L’ONU admet son implication dans l’épidémie de choléra en Haïti

Un pas vient d’être franchi dans le cadre de la recherche de la responsabilité onusienne dans la propagation du choléra en Haïti. Dans un article publié dans le « New York Times », l’Organisation des Nations Unies admet avoir joué un rôle dans l’apparition de l’épidémie dans le pays.




Pour le Bureau des Avocats internationaux, il s’agit du résultat d’une longue bataille. Selon le BAI d’autres étapes restent à franchir. Me Mario Joseph, appelle les organisations haïtiennes de défense des droits humains à la mobilisation en vue d’obtenir réparation en faveur des victimes du choléra.

A rappeler, le 22 octobre 2010, soit neuf mois après le séisme, le président haïtien René Préval annonce que la grave épidémie de diarrhée qui sévit dans la région de l’Artibonite est causée par le choléra. Aucun cas n’avait été diagnostiqué dans le pays depuis plus d’un siècle.  




Selon le monde scientifique, notamment les centres américains de contrôle et de prévention des maladies, des casques bleus népalais, porteurs sains de la maladie, seraient à l’origine de l’importation du choléra sur l’île.

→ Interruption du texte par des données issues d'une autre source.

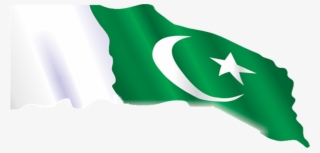 Pakistan - Flag #8134918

Malgré ces études, l’Organisation des Nations unies ne reconnait aucune responsabilité dans cette épidémie.

L’épidémie s’est déclarée au nord de la capitale Port-au-Prince sur les rives de la rivière Meye, à proximité de Mirebalais. Après trois semaines d’épidémie, la situation, déjà très préoccupante, se complique à cause du passage de l’ouragan Tomas.

En novembre 2010, des incidents éclatent entre une partie de la population et les casques bleus. Les manifestants accusent ces derniers de mal gérer l’épidémie et de la répandre dans le pays. 

Au 18 octobre 2013, l’OMS estime que l’épidémie a causé 8 500 décès pour plus de 700 000 cas majoritairement recensés en Haïti et en République dominicaine, mais aussi à Cuba et au Mexique.